It opens at 13 psi(+/-) DIFFERENTIAL, meaning there is 13psi MORE "buildup" in the outer filter can, than the simultaneous & instantaneous pressure at the filter OUTLET. Simply, the filter in this mode would be "throttling" the oil flow. COuld be caused by partially blocked filter media or a high oil pressure spike caused by a high RPM downshift and throttle blip.
 
Originally Posted By: ARCOgraphite
It opens at 13 psi(+/-) DIFFERENTIAL, meaning there is 13psi MORE "buildup" in the outer filter can, than the simultaneous & instantaneous pressure at the filter OUTLET. Simply, the filter in this mode would be "throttling" the oil flow. COuld be caused by partially blocked filter media or a high oil pressure spike caused by a high RPM downshift and throttle blip.


Or by pushing very cold (Therefore thick) oil through the filter media, before the engine warms up.
 
That's exactly what it means.

From what I understand, you want the same pressure on both sides of the filter. (Lets say A and B.) When the pressure of point A (inlet) becomes larger than the pressure at point B (outlet), the filter will go into bypass assuming it reaches 13 psi. This will keep the engine from being starved of oil. "Dirty" oil is better than no oil.

So many filters have bypass ratings at 9 psi through 13 psi.. Ideally you'd want a filter that has the exact settings as the OEM filter, but many here will argue a filter with say 9 psi and a filter with 13 psi will behave nearly identically and the filters will be interchangeable.
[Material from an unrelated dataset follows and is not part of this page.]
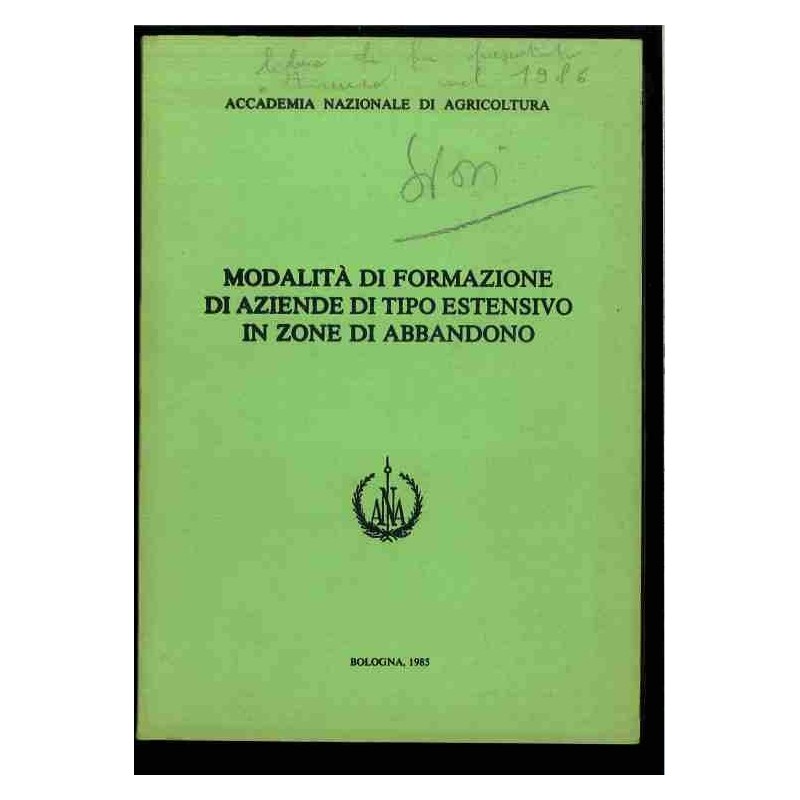 Modalità di formazione di aziende di tipo estensivo in zone di abbandono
Using a filter that bypasses at say 35 psi on a vehicle who's OEM bypasses at say 12 psi would be asking for trouble though IMO.
 
Which factors do manufacturers consider when they spec the the PSI range for the valve to operate at?
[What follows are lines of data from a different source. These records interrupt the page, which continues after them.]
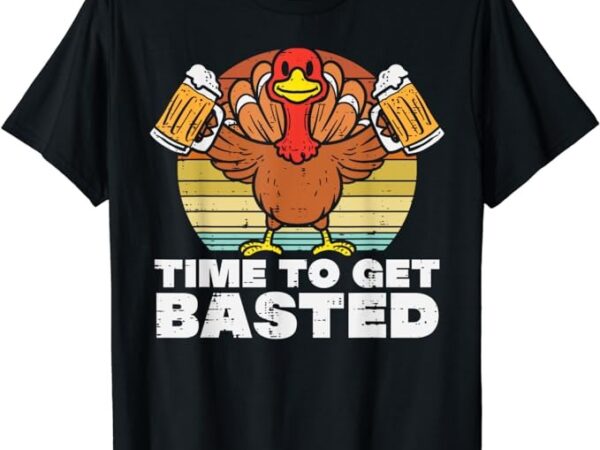 Turkey time to get basted retro happy thanksgiving men women t-shirt t-shirt png file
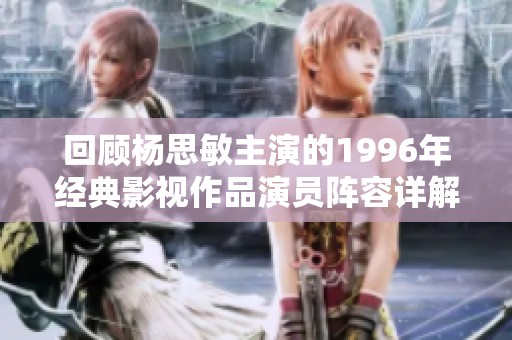 回顾杨思敏主演的1996年经典影视作品演员阵容详解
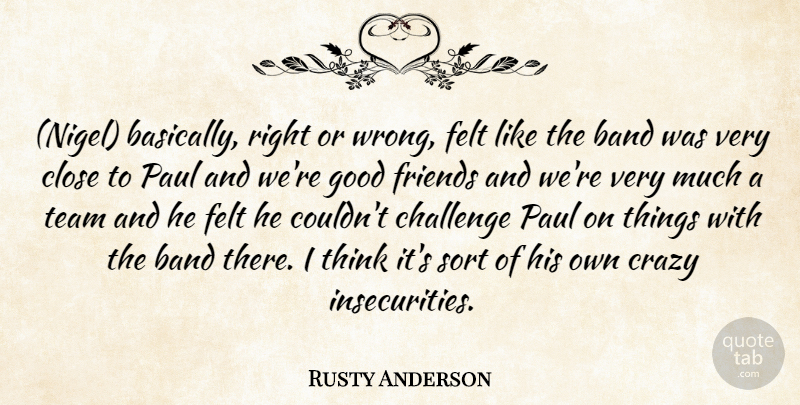 Rusty Anderson Quote About Band, Challenge, Close, Crazy, Felt: Nigel Basically Right Or Wrong...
Are there benefits to going higher or lower than recommended?
 
Originally Posted By: Olas
Which factors do manufacturers consider when they spec the the PSI range for the valve to operate at?

Are there benefits to going higher or lower than recommended?


Most manufacturers are in the 9-13 psi range.....The only serious outlier I am aware of is Subaru, which specs about 21 psi.

Only the engineer who specced it knows for certain how he/she arrived at the figure. No real advantage to lower or higher.

If you run oil of the proper grade, and change the oil and filter at reasonable intervals, plus avoid revving the engine to high RPM on cold starts, it is very possible to never nudge the bypass open. Which is what you really want. On the other hand, even unfiltered oil is better than no oil, if you are an engine bearing.
 
There are more advantages to a threaded end bypass than going with something different than the stock setting.
 
Originally Posted By: 4wheeldog
Most manufacturers are in the 9-13 psi range.....The only serious outlier I am aware of is Subaru, which specs about 21 psi.


Not to get all BITOG nitpicky on you, but (some) Audi's have about a 35 psi bypass setting. The OEM filter for my dads A4 is apparently equivalent to others that my Jeep takes, who's OEM bypass is around 12 psi. The M1-204 for my Jeep can be used on the Audi actually.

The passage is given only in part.